**Given information**:

========================================================================

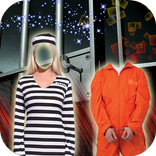 Prisoner Photo Montage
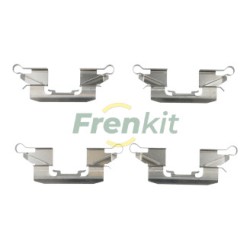 Pad Clip Kit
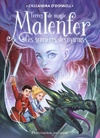  Achetez le livre d'occasion Malenfer : Les sorcières des marais sur Livrenpoche.com 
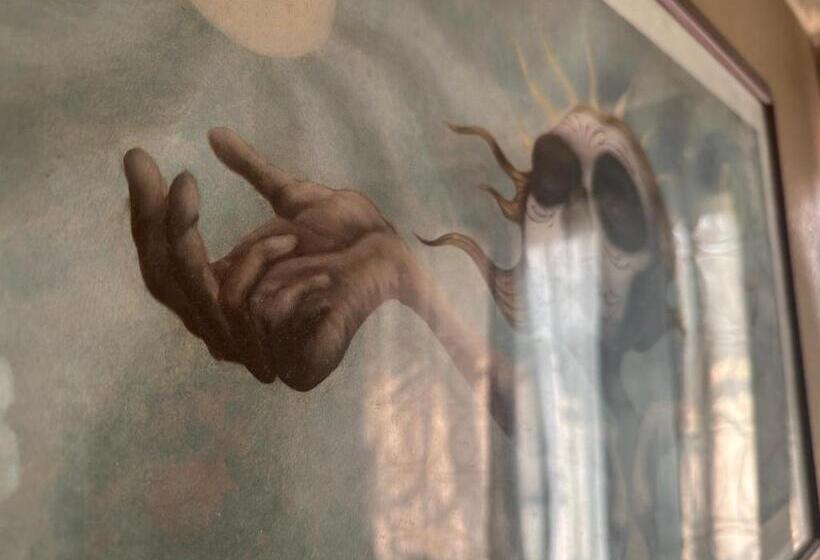 تختخواب و صبحانه I10 Pitstop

========================================================================

Skip every picture and retype only the lines from the line with "Pad Clip Kit" through the last line of the listing, both ends included, exactly as they appear.

 Pad Clip Kit
  Achetez le livre d'occasion Malenfer : Les sorcières des marais sur Livrenpoche.com 
 تختخواب و صبحانه I10 Pitstop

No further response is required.